■ **REQUIRED ACTION**
Wherever "Transit" appears in the records below, copy the line that holds it.

(Short web captions)
------------------------
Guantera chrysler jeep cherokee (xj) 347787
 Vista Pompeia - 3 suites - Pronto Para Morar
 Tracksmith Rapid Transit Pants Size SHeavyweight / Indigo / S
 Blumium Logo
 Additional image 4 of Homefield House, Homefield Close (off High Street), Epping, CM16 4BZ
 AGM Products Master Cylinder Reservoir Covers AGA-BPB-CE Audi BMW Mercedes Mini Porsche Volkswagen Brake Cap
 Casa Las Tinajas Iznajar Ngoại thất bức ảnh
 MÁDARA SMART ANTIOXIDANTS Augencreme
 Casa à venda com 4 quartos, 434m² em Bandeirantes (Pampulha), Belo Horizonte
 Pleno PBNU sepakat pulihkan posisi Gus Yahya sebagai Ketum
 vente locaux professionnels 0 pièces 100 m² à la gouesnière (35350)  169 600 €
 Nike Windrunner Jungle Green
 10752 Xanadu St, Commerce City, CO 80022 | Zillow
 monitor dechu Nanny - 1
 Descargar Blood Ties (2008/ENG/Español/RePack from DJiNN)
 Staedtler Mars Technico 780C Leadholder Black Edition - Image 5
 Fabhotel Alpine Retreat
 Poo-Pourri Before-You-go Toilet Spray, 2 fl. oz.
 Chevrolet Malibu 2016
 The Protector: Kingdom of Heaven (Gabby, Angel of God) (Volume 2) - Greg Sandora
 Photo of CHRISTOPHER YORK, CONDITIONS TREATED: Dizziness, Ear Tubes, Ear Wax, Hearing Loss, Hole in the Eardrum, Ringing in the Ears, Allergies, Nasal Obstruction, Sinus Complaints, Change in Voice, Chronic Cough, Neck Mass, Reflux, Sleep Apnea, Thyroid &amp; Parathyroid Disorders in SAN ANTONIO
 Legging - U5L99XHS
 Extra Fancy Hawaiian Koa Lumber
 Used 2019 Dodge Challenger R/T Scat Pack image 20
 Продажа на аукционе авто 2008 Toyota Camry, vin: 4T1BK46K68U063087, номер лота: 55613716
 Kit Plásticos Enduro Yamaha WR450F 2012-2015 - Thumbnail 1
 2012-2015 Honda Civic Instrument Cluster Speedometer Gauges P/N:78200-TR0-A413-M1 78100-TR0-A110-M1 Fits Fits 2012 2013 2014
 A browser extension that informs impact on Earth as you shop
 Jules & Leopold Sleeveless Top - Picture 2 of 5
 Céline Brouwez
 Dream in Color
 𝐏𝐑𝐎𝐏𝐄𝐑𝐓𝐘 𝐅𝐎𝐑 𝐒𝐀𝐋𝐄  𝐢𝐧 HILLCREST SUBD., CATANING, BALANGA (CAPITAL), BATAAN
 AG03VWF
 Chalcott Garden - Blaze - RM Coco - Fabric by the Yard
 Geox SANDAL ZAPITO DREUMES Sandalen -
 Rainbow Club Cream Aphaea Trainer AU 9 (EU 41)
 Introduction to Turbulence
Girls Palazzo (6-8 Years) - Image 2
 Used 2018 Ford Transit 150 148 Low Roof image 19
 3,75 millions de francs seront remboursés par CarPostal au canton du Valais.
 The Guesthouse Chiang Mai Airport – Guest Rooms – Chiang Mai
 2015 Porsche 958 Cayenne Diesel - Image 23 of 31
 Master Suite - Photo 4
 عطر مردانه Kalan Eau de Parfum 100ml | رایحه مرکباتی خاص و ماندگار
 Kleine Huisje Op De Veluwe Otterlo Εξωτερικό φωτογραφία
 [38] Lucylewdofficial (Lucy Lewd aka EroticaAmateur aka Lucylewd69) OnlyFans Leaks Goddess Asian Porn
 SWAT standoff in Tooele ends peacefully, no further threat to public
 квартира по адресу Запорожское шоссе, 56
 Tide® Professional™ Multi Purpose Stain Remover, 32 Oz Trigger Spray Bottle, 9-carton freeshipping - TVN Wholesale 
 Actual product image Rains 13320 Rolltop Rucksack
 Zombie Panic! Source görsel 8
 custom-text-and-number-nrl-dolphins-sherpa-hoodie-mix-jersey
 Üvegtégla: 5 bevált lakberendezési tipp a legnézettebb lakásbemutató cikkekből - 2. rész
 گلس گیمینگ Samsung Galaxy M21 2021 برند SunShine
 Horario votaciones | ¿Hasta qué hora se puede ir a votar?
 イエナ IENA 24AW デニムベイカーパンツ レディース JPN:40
------------------------
■ **THE COMPLETED TASK**
 Tracksmith Rapid Transit Pants Size SHeavyweight / Indigo / S
 Used 2018 Ford Transit 150 148 Low Roof image 19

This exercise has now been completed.